To watch Wen, a woman of certain age in notoriously ageist Hollywood, take on the role of a bonafide ass-kicker to the absolute thrill of all ages sets a goal post to struggle toward. And while Wen has been working in the industry long enough to be known for any number of parts, her "Star Wars" role puts her in the league with a too-small number of women in this universe operating outside of known support systems. You know, like the average, regular woman of Earth.

Fennec Shand is a sharpshooter who boasts that she never misses, but from what we've seen her skills aren't the result of any technological enhancements.
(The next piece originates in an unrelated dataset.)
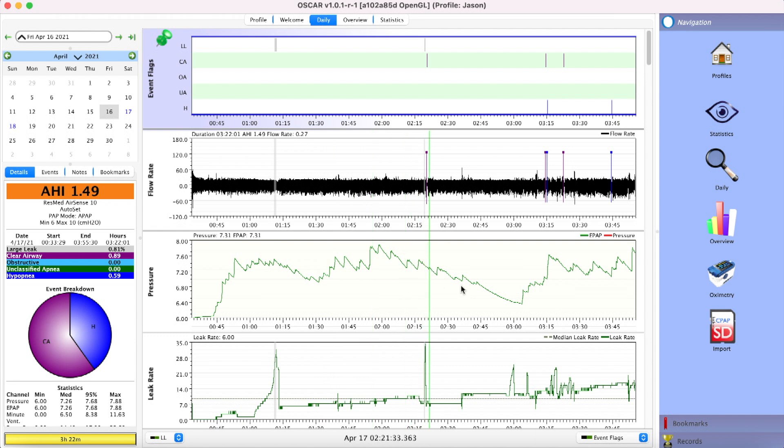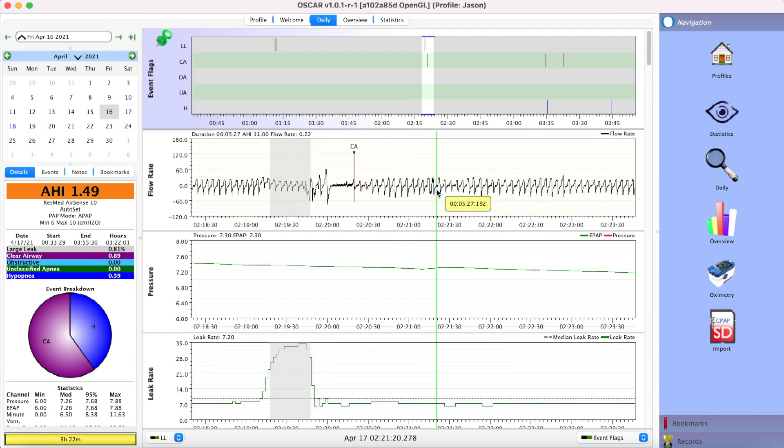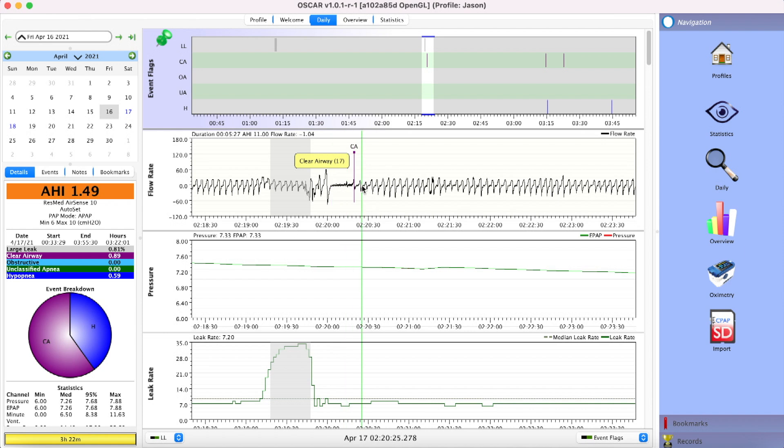Check out the pressure — it's all over the place. Is that good or bad? Look at this: central apnea. Oh my god, am I dying?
As far as we know she isn't royalty or Force sensitive or any of the other usual reasons this universe has to explain an individual's high-achievement and excellence, either. She had to work to get that good.

By partnering with another forgotten, left-for-dead great, Boba Fett, we may see her rep further expand.

Don't mistake this as a means of downgrading Fisher's legacy. She also famously defied sexism and ageism to carve out a niche as a script doctor and parlay her character's legacy into a career that gave her, and us, many memorable roles including in "When Harry Met Sally" and her final TV credit on "Catastrophe." She was also a child of Hollywood royalty, the daughter of actor Debbie Reynolds and pop star Eddie Fisher, giving her a leg up in that town.

Wen's family immigrated from Hong Kong, and she worked her way up in the industry starting with her first TV appearance on "Mister Rogers' Neighborhood," and if you don't love that credit you must be a soulless as a Sith. Following that she made her bones on soaps before landing a starring role in "The Joy Luck Club" and has been grinding it out ever since.

This part of her story is a common one among any number of actors. What's unusual is for a performer like Wen to catch a second wind after contending with everything Fisher faced and racism to carve out a persona as a force to be reckoned with, within the world of the Force.

Importantly, though, none of her success simply happened. She had to reach out and ask for that cameo in 2020's "Mulan" – it wasn't simply offered. That's how she's approached every opportunity, as she recently explained to Insider.

"You just have to keep forging ahead and knocking down the barriers and not let people devalue you," she said.  "Hold yourself up to the level that you want and feel you deserve. There's no sense of arrogance about it. It's just coming from a sense of strength and being able to identify yourself as someone of value and someone able to offer something and never use being short, tall, fat, skinny, young, old as an excuse not to have something happen. When you start there, that's when things change. You have to believe it."

Spoken like a woman who doesn't wait for the Force to save her but understands she has to be one. Belief in universal power is great, of course, and there's no reason to believe that princesses can't become generals. But mercenaries don't wait for orders to do what they need to do – not in fantasy or in reality. So if you're going to raise a glass of blue milk to your heroes on this May the 4th don't forget the woman wearing the mantle of the incomparable Fennec Shand. Faith is the spark that lights a rebellion, but acting on goals is what gets the job done. And Ming-Na Wen, like the mercenary we love watching her play, represents #goals.

Wen as Fennec Shand appears in "The Mandalorian" and "Star Wars: The Bad Batch," which debuts on Tuesday, May 4 followed by new episodes every Friday starting on May 7.  "The Book of Boba Fett" is scheduled to debut in December 2021. All of these series stream on Disney+.